#### Pending
1. Processing docx file<br>
   
#### Configuration file
1. Directory where resumes are stored<br>
2. The extra words file<br>
3. Temporary resume file<br>
4. Comprehensive dictionary file<br>
5. Directory where JDs are stored<br>

### Imports

In [None]:
# Brown dictionary
from nltk.corpus import brown
from nltk.corpus import stopwords
from nltk.tokenize import word_tokenize
# For punctuation marks
import string
# For reading docx file
try:
    from xml.etree.cElementTree import XML
except ImportError:
    from xml.etree.ElementTree import XML
import zipfile
# For reading pdf file
import PyPDF2
# For regular expression
import re
from docx import Document
# For similarity in document comparison
import gensim
# For reading directory
import os

### Reading the config file name in main directory

In [None]:
working_dir = './Resume/'
config_file = [file for file in os.listdir(working_dir) if os.path.isfile(os.path.join(working_dir,file)) and 'config_' in file]
config_file_path = working_dir + config_file[0]
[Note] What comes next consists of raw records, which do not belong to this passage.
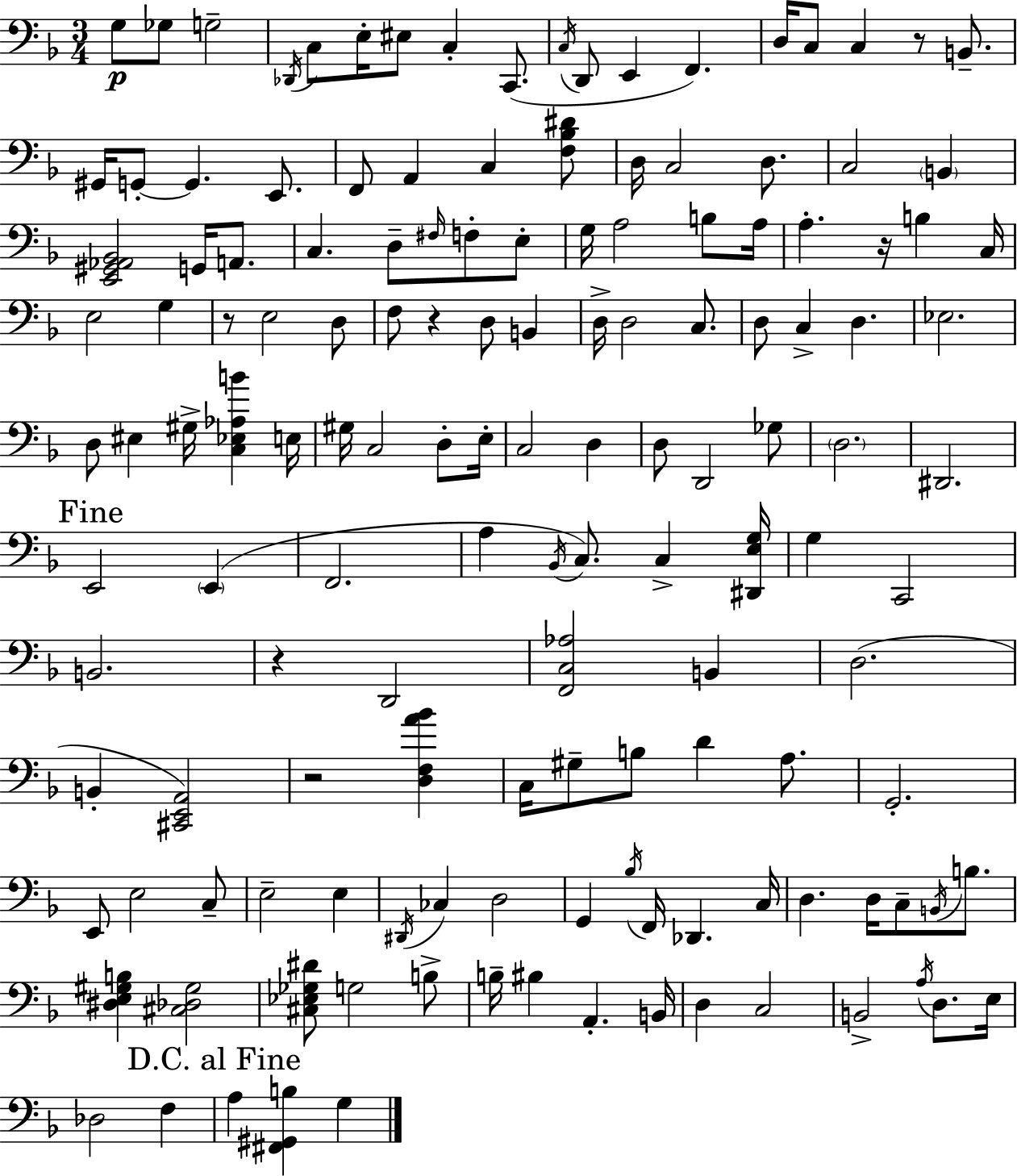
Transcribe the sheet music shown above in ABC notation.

X:1
T:Untitled
M:3/4
L:1/4
K:Dm
G,/2 _G,/2 G,2 _D,,/4 C,/2 E,/4 ^E,/2 C, C,,/2 C,/4 D,,/2 E,, F,, D,/4 C,/2 C, z/2 B,,/2 ^G,,/4 G,,/2 G,, E,,/2 F,,/2 A,, C, [F,_B,^D]/2 D,/4 C,2 D,/2 C,2 B,, [E,,^G,,_A,,_B,,]2 G,,/4 A,,/2 C, D,/2 ^F,/4 F,/2 E,/2 G,/4 A,2 B,/2 A,/4 A, z/4 B, C,/4 E,2 G, z/2 E,2 D,/2 F,/2 z D,/2 B,, D,/4 D,2 C,/2 D,/2 C, D, _E,2 D,/2 ^E, ^G,/4 [C,_E,_A,B] E,/4 ^G,/4 C,2 D,/2 E,/4 C,2 D, D,/2 D,,2 _G,/2 D,2 ^D,,2 E,,2 E,, F,,2 A, _B,,/4 C,/2 C, [^D,,E,G,]/4 G, C,,2 B,,2 z D,,2 [F,,C,_A,]2 B,, D,2 B,, [^C,,E,,A,,]2 z2 [D,F,A_B] C,/4 ^G,/2 B,/2 D A,/2 G,,2 E,,/2 E,2 C,/2 E,2 E, ^D,,/4 _C, D,2 G,, _B,/4 F,,/4 _D,, C,/4 D, D,/4 C,/2 B,,/4 B,/2 [^D,E,^G,B,] [^C,_D,^G,]2 [^C,_E,_G,^D]/2 G,2 B,/2 B,/4 ^B, A,, B,,/4 D, C,2 B,,2 A,/4 D,/2 E,/4 _D,2 F, A, [^F,,^G,,B,] G,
### Read the configuration file that has 
1. Resume Directory
2. Path of Extra dictionary
3. Path of temporary resume file
4. Path of my clean dictionary
5. JD Directory

In [None]:
# Read the configuration file that has path of resume
config_file = open(file=config_file_path, mode='r')
for line in config_file:
    if line[:7] == 'resdir=':
        resume_dir = line[7:]
        # Removing new line character from the end
        resume_dir = re.sub(r'[\n\r]+$', '', resume_dir)
        
    if line[:7] == 'exdict=':
        extra_dict_path = line[7:]
        # Removing new line character from the end
        extra_dict_path = re.sub(r'[\n\r]+$', '', extra_dict_path)

    if line[:7] == 'tempre=':
        temp_resume_txt_path = line[7:]
        # Removing new line character from the end
        temp_resume_txt_path = re.sub(r'[\n\r]+$', '', temp_resume_txt_path)

    if line[:7] == 'mydict=':
        my_dict_path = line[7:]
        # Removing new line character from the end
        my_dict_path = re.sub(r'[\n\r]+$', '', my_dict_path)

    if line[:7] == 'jd_dir=':
        jd_dir = line[7:]
        # Removing new line character from the end
        jd_dir = re.sub(r'[\n\r]+$', '', jd_dir)

# Dictionaries

### Read the clean dictionary I created

In [None]:
http = urllib3.PoolManager()
response = http.request('GET' my_dict_path)
my_dict = set(response.data.decode('utf-8').split())

### Read extra words files

In [None]:
with open(file=extra_dict_path, mode='r') as extra_dict_file:
    extra_dict = set(extra_dict_file.read().split())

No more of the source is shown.